Today is Labor Day, the bookend to Memorial Day, which marks the traditional start of summer. In this election year, we’ve become even more deeply divided between the right-leaning folks who commemorate the war dead on Memorial Day and the left-leaning folks who applaud common workers on Labor Day, as if one holiday were in direct opposition to the other. Labor Day celebrates the rise of unions, which have been under attack from the right this past year, and Labor Day honors the common workers who build the infrastructure upon which our day-to-day society rests. How can servicemen protect our freedoms overseas if there were not workers maintaining the structure of society here at home?
This year, the right is rallying behind the cry of “I built this,” a shorthand slogan pointing to the importance of individual initiative and industry. Labor Day is a holiday to acknowledge the workers whose collective effort make our individual accomplishments possible: I am able to build this because they worked so hard to build that. When you drive to work every day, who built that road? When you negotiate orderly, crime-free streets, who protects your safety? When you go to the grocery story to spend your hard-earned paycheck, who stocked those shelves?
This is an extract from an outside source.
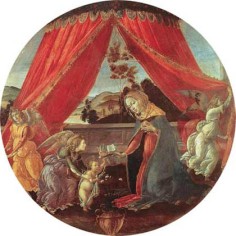 Madonna del Padiglione (1493 ca., Milano, Pinacoteca Ambrosiana)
Whenever I’m grocery shopping and see a delivery man stocking shelves, I smile because my Dad did that, driving a bread route for years. If there was bread on the shelf when you went grocery shopping this week, it was because some hard-working Teamster like my dad drove a truck to deliver it: it didn’t just appear there by accident or chance.
Given the goodies in your grocery cart, you can “build” all kinds of things, limited only by your own culinary initiative and skill. But don’t pretend that because you combined those ingredients into something tasty, you created those ingredients themselves. Somewhere, a laborer grew that produce, raised that livestock, or ground that grain into flour. If you’re able to read a cookbook, some teacher taught you how, and if your kitchen catches fire while you’re cooking, some firefighter will rush in to save you.
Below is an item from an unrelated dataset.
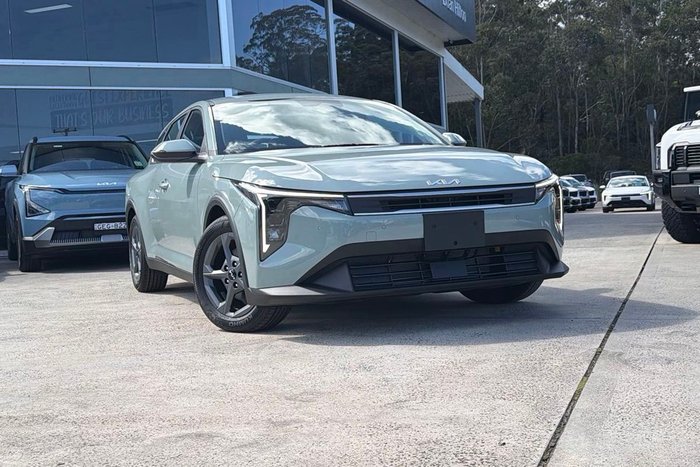 2025 Kia K4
Focusing on one’s own accomplishments while ignoring the assistance one has received is arrogance, and thanking those who gave their lives in war while not acknowledging the living laborers who work for the common good is folly. Both kinds of service are essential, and both kinds of service demand their own kind of sacrifice. Honoring one without honoring the other is like cutting off your left hand to honor your right. The beauty of bookends is that they work together, this one supporting the other in a perfect metaphor of collective teamwork.
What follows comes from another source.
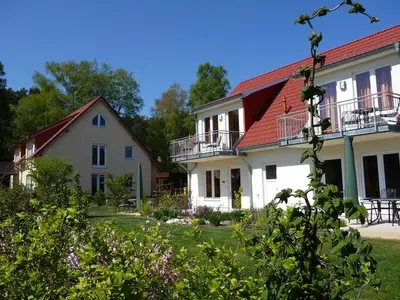 Ferienwohnung für 2 Personen (57 m²) in Kölpinsee (Usedom) 3/10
I snapped these shots of the Fallen Firefighters’ Memorial last summer, when J and I vacationed in Seattle.




Sep 3, 2012 at 7:33 pm
Well said!
Sep 4, 2012 at 7:17 am
I’m glad it resonated with you!
Sep 3, 2012 at 8:35 pm
[...] Hoarded Ordinaries: This year, the right is rallying behind the cry of “I built this,” a shorthand slogan pointing to the importance of individual initiative and industry. Labor Day is a holiday to acknowledge the workers whose collective effort make our individual accomplishments possible: I am able to build this because they worked so hard to build that. When you drive to work every day, who built that road? When you negotiate orderly, crime-free streets, who protects your safety? When you go to the grocery story to spend your hard-earned paycheck, who stocked those shelves? [...]
Sep 4, 2012 at 1:03 am
At our Zendo one of our practices, particularly during oriyoki, was to be conscious of all the people who worked together to put food on our plate — the horticulturists who hybridized the varieties of produce we ate, the workers at the seed companies, the farmers, the shippers, the grocers, the cooks, the servers. It really IS amazing when you think how far back that chain of connection goes.
Sep 4, 2012 at 7:23 am
I originally intended to throw in a bit about interdependent origination, especially Thich Nhat Hanh’s explanation of how a piece of paper is “empty” because it contains all the things that worked together to bring it into existence: the tree that made its pulp, the squirrel that planted the seed that grew the tree, the logger who chopped down the tree, the workers in the factory who made the paper, the cashier in the store where you bought the paper. But that was a paragraph I didn’t end up writing.
Sep 4, 2012 at 8:54 am
Thank you for this post, Lorianne. When I’m asked to say a blessing before a meal (whether with my family, or in a public setting), I usually ask us to be mindful not only of the food but of the Source from which it comes, manifest in the many hands who brought it to the table, from the farmer who grew the grain to the worker who milled the flour to the person who baked the bread. Next time I do that, I’ll remember to mention the Teamster who made it possible to stock the grocery shelves, too.
Sep 4, 2012 at 9:00 am
My Dad would be honored!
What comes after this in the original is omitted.